The Intoxicating Liquor (Amendment) Bill 2017 allowing alcohol to be sold will be the law for Good Friday 2018.

The 90-year ban is over but it never stopped people from trying.

Years ago, a bunch of famous writers suddenly developed a deep love for all things canine and made their way to the annual dog show at the Royal Dublin arena.

It transpired of course that Patrick Kavanagh and Brendan Behan had discovered that the old Protestant establishment place served drink in the member's lounge at the dog show.

Stories that Behan scooped up a stray poodle and made his way inside and that Patrick Kavanagh paid a young lady to 'rent ' her dog to him for a brief while have never been confirmed.

What did happen, apparently, was a crush of strange dog fanciers at the following year's show on Good Friday as all and sundry figured out that the only place in Dublin with beer was the canine carnival.

Word is that that particular loophole was closed after the show was mobbed. 

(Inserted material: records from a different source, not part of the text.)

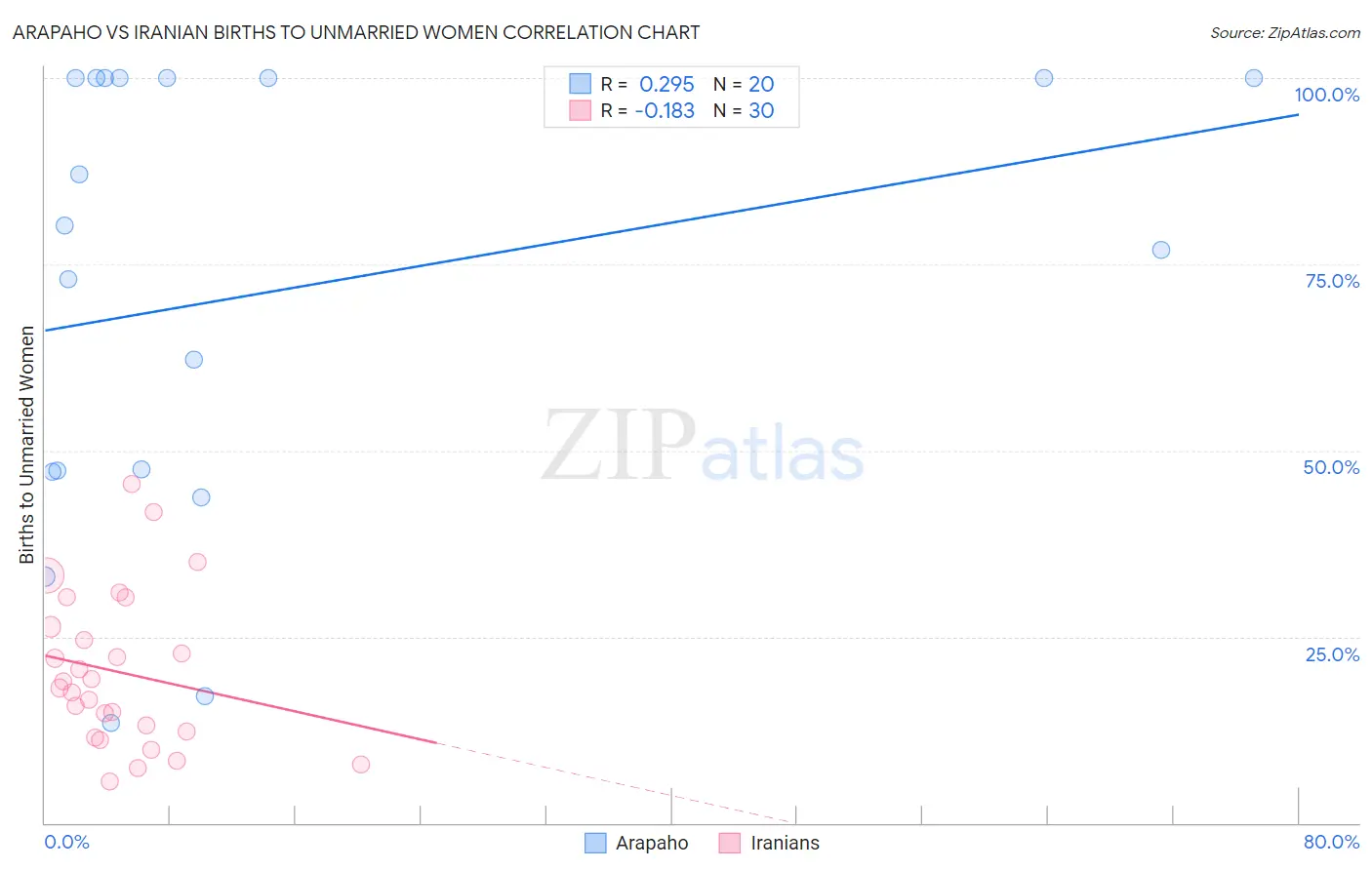 Arapaho vs Iranian Births to Unmarried Women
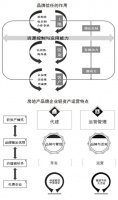 2021中国房地产品牌价值研究报告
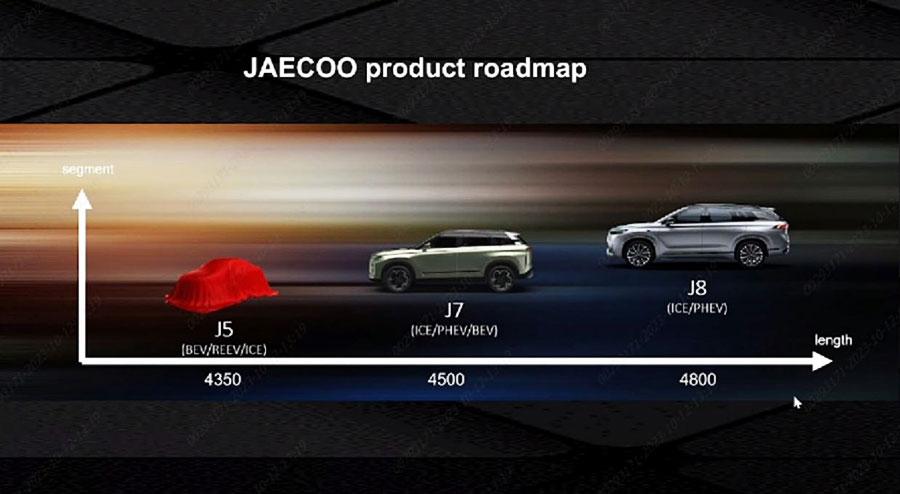 Кузов кроссовера JAECOO J5 собран автоматической линией с 447 роботами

However, in recent years a loophole allows drink at the Greyhound racing track on Good Friday so the folks who wouldn’t know a greyhound from a grey moose suddenly discovered that going to the dogs was the place to be Good Friday.

Likewise one never knew Ireland had so many thespian lovers. Productions at the Abbey Theater were allegedly sold out, unrelated of course to the fact that drink was served in the theater bar due to a loophole. Many a thirsty man or woman had their introduction to the arts world enriched on such occasions.

One year, Dublin bar owners came up with another scheme. They opened the pubs but didn't serve beer or any alcohol--only food and soft drinks.

That was the equivalent of showing a drowning man a life raft and then pulling it away.

Some pretended to live by the rules, others served drink out the back as is invariably done in those occasions.

The back door system can be quite complicated, especially in rural areas. Only those in the know are allowed to know the special rap on the back door that results in bottles being handed out.

It was quite common in the old days for all manners of characters to hang around the back door hoping to learn the secret knock.

It was perverse for the Irish of course, to insist on drink the one day they could not have it.

It made many of them even more determined to get one.

They will be out and about this Friday too, mark my words.

It's "Last call for no alcohol" Good Friday.